Ocasek also liked how the chorus added a twist to the story. “Up until that point, you think the singer stole his best friend’s daughter based on how good he feels about her. With the last line of the chorus – ‘But she used to be mine’ – you realize the guy didn’t steal his best friend’s daughter – his friend stole her from him.”
In the studio, producer Roy Thomas Baker took Ocasek’s simple demo and added widescreen grandeur, setting the band’s sparse instrumentation against flashes of stacked vocals. Baker had already perfected the massive harmony sound with Queen, especially in the 1975s Bohemian Rhapsody.

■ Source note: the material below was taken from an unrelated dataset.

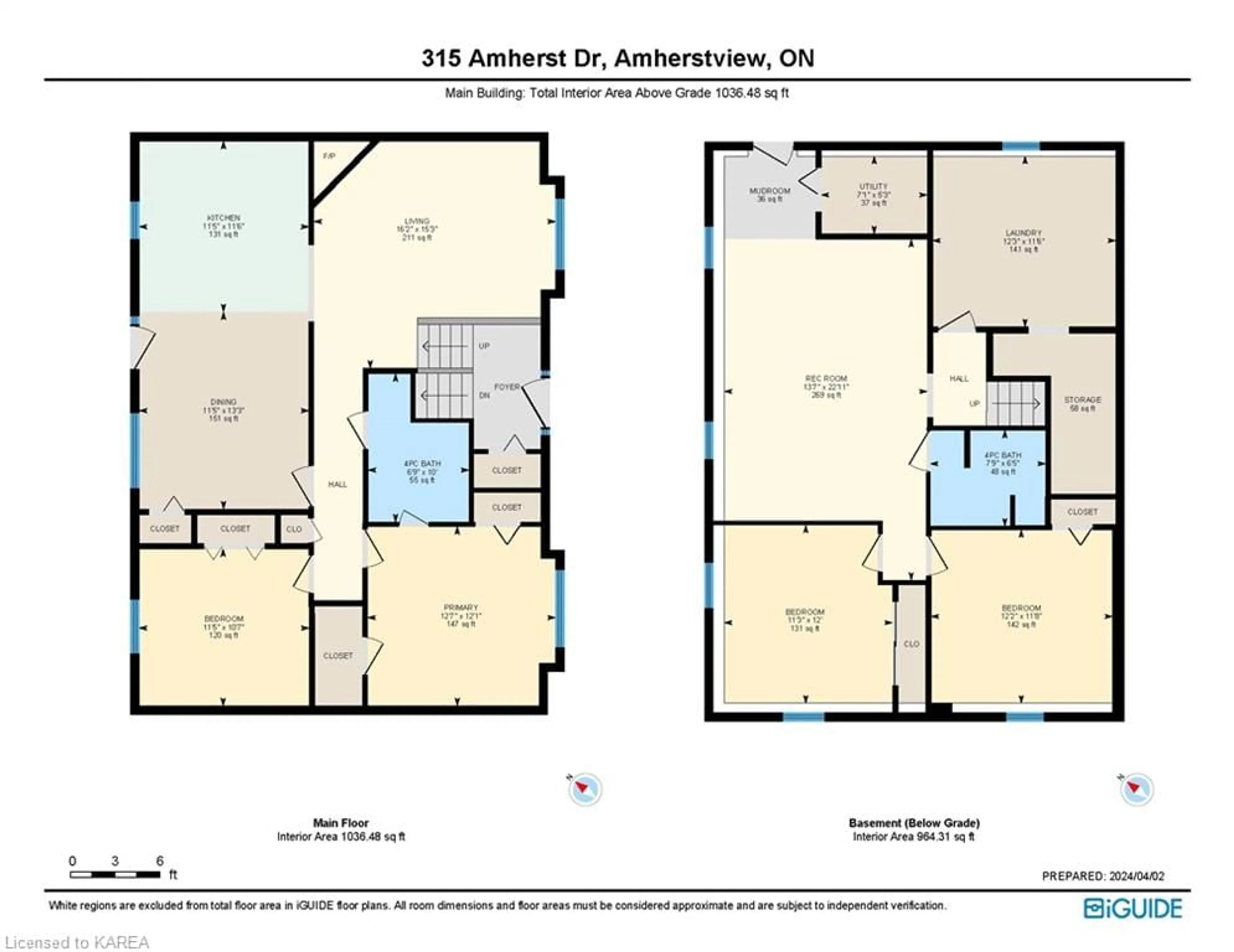 Floor plan for 315 Amherst Dr, Amherstview Ontario K7N 1V3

Ocasek said, “When we recorded the vocal harmony on the line”Here she comes againRoy had us record a set of vocals. He tripled them, so there were 24 voices. Then he used the Stephens machine [a multi-track tape deck] to reach up to 70 voices. At one point, we said, ‘Roy, we can’t do this,’ for fear that the vocals would sound too synthetic. Roy said, ‘You’ll get used to it.’
Another key texture in the song was Elliot Easton’s rockabilly lead lick, partly inspired by The Beatles I will, and as Easton said, “a bit at odds with Ric’s strong 8th note feel.” David Robinson said, “Elliot’s guitar really raised the bar.”
As the group listened back to what they had created, Thomas Baker still wasn’t quite satisfied.
Ocasek said, “When we finished recording the song, it was a very slow tick. Roy wanted it a little faster. So he turned and sped up the tape, pushing the song up a key, from E to F.
Ocasek gave an acetate of My best friend’s daughter on two Boston radio stations, where it quickly became a sought-after local favorite. Officially released worldwide in October 1978, the single reached #35 in the US and #3 in the UK (where despite negative reviews such as nWith‘s, which he called “A Sweet Thaway”, was the group’s highest-charting single). In the UK, it was also one of the first singles on discs, featuring a caricature of a red sports car.
When I asked Ocasek (who died in 2019 of heart failure) if he knew the song would be a hit, he said, “No. I don’t think I could ever make a song as a single. I think you can tell which ones are a little more attractive. In The Cars, I could bounce off the boys and they’d be like, ‘That’s a single.’ But when I write songs, I don’t think like that. I just think they’re all chapters in the book for that one record.”